Your instructions =>
Each and every line below goes into your answer unchanged, but leave out the images.

[[ Given records open ]]

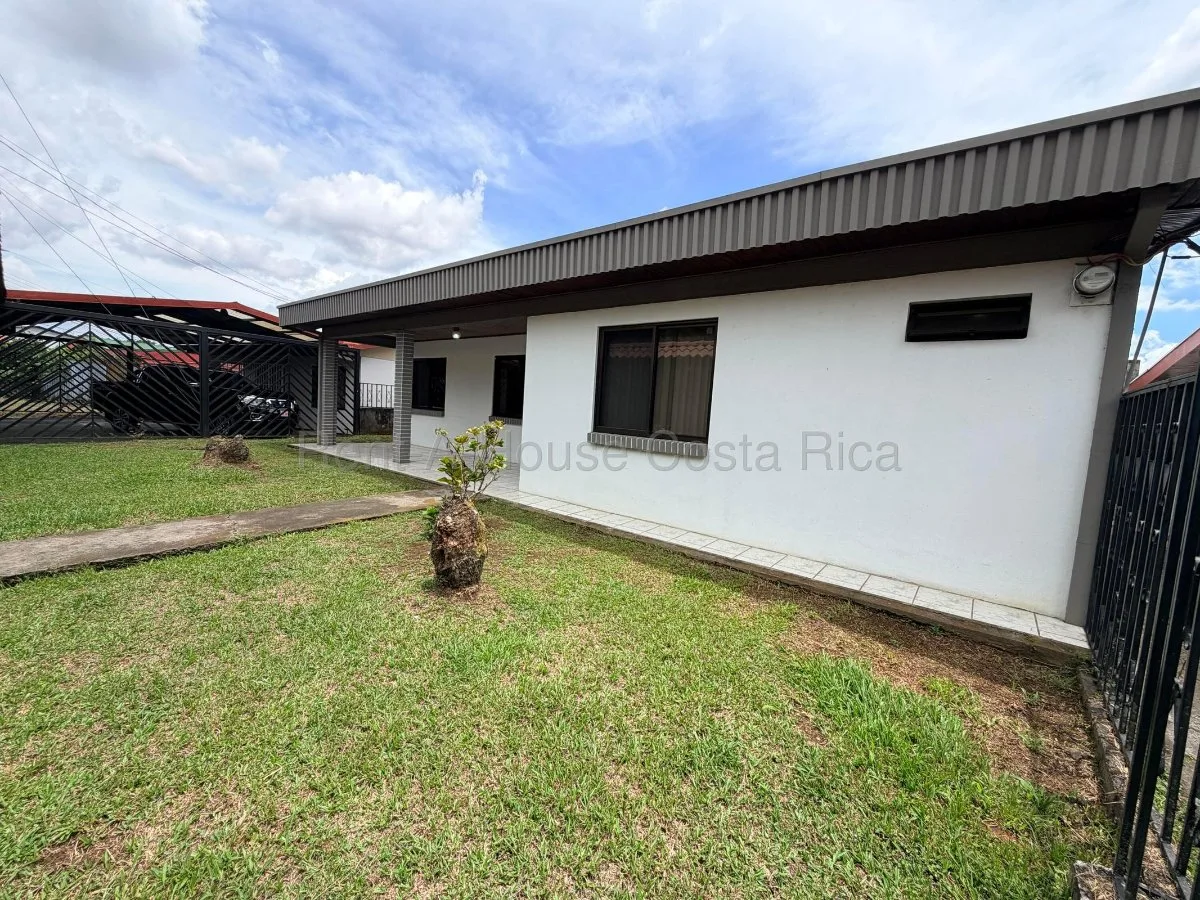 Venta de OPORTUNIDAD... Casa en San Pedro de Barva con Lote de 1061m2  - Venta en Barva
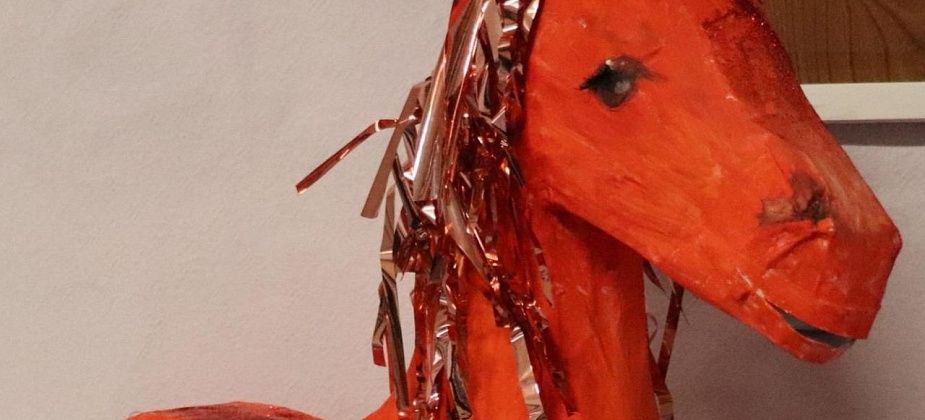 В ИК-16 Краснотурьинска осужденные женщины создали символ года — Огненную Лошадь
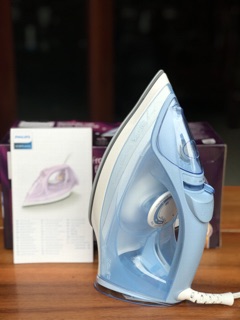 Bàn ủi hơi nước Philips GC2676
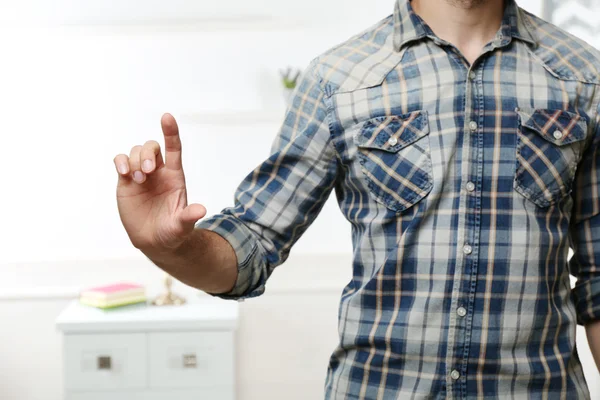 Mann drückt Taste — Stockfoto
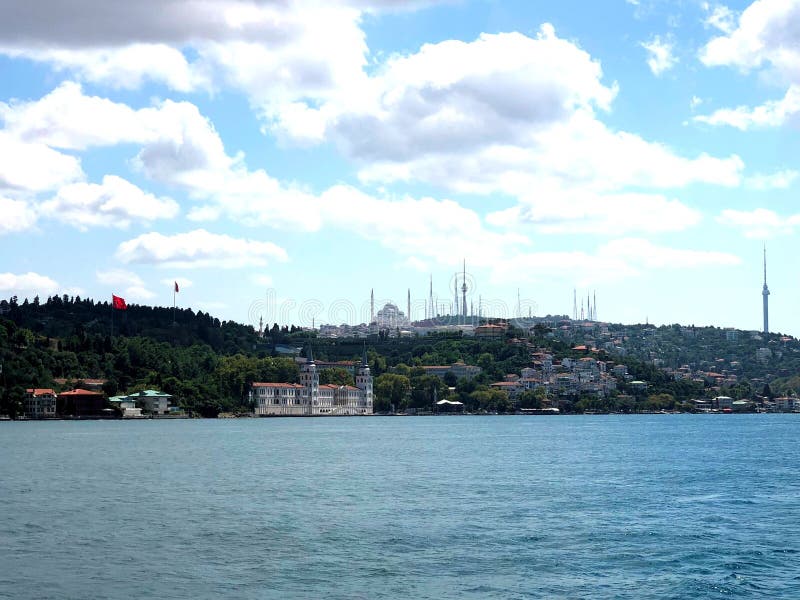 Panorama van Istanboel van de Bosphorus-Straat van het venster van het schip stock foto's Panorama van Istanboel van de Bosphorus-Straat van het venster van het schip stock foto's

[[ Given records closed ]]

Final answer =>
 Venta de OPORTUNIDAD... Casa en San Pedro de Barva con Lote de 1061m2  - Venta en Barva
 В ИК-16 Краснотурьинска осужденные женщины создали символ года — Огненную Лошадь
 Bàn ủi hơi nước Philips GC2676
 Mann drückt Taste — Stockfoto
 Panorama van Istanboel van de Bosphorus-Straat van het venster van het schip stock foto's Panorama van Istanboel van de Bosphorus-Straat van het venster van het schip stock foto's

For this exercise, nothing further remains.